- Data:
════════
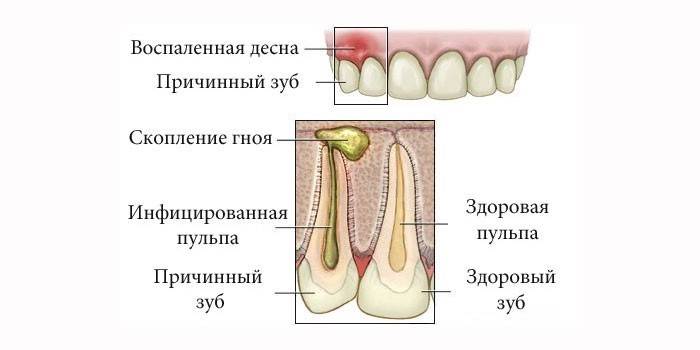 Флюс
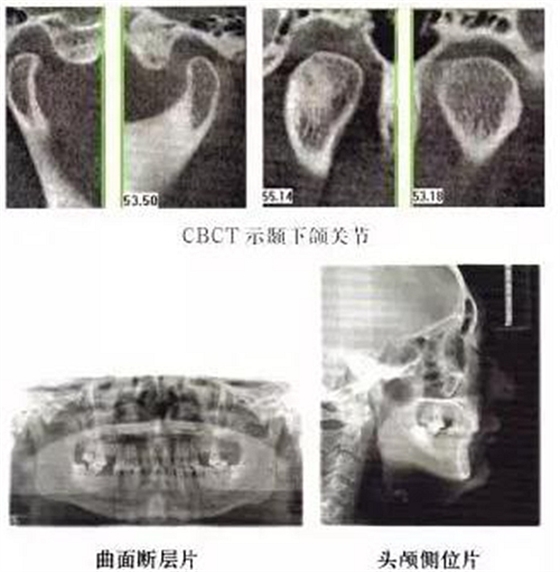 正畸修复联合咬合重建1例 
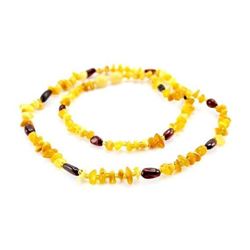 Baltic Cherry & Honey Amber Necklace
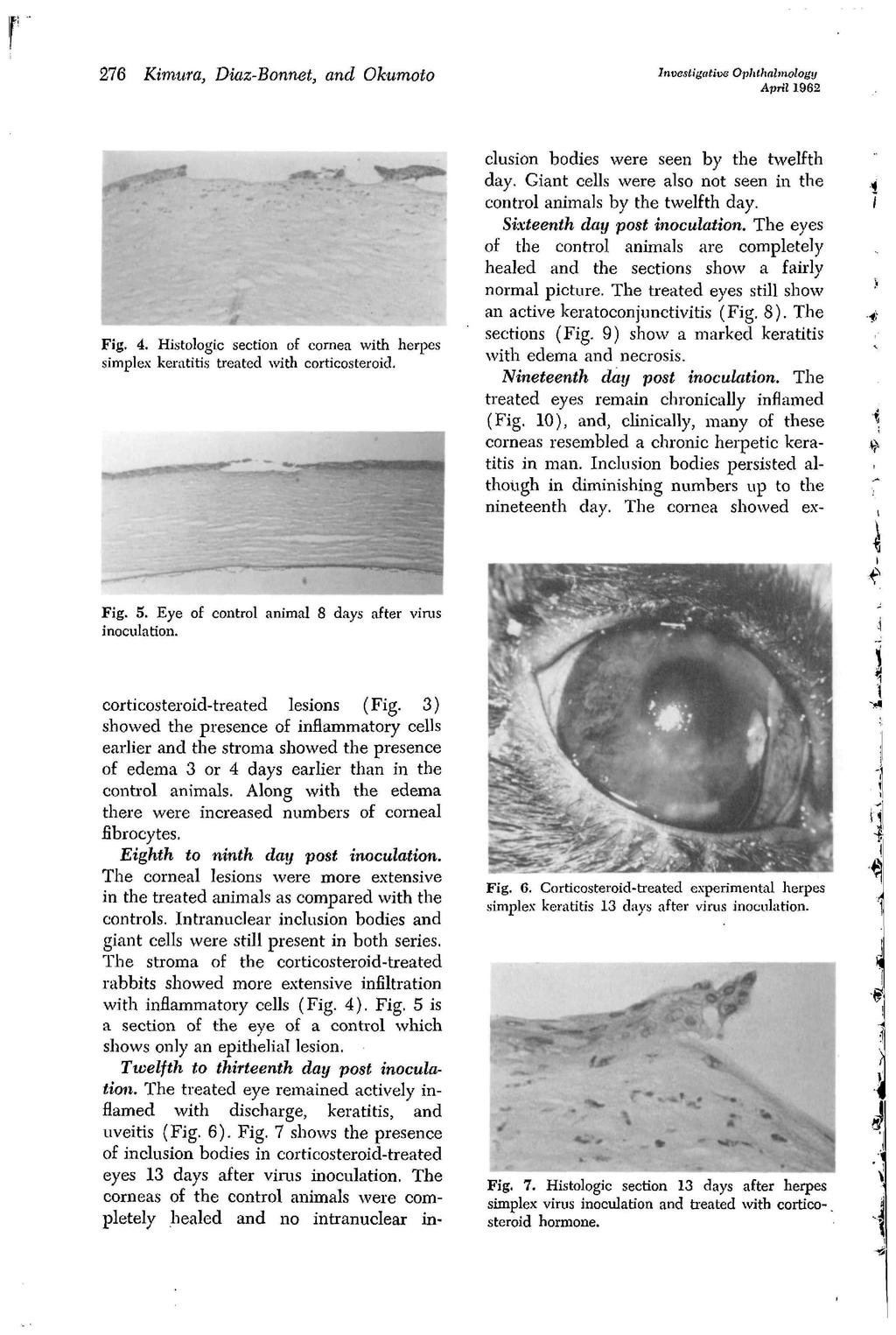 276 Kimura, Diaz-Bonnet, and Okumoto Fig. 4. Histologic section of cornea with herpes simplex keratitis treated with corticosterokl.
════════
- Task description: Write the material out again word for word and omit any images.

- Response to the task:
 Флюс
 正畸修复联合咬合重建1例 
 Baltic Cherry & Honey Amber Necklace
 276 Kimura, Diaz-Bonnet, and Okumoto Fig. 4. Histologic section of cornea with herpes simplex keratitis treated with corticosterokl.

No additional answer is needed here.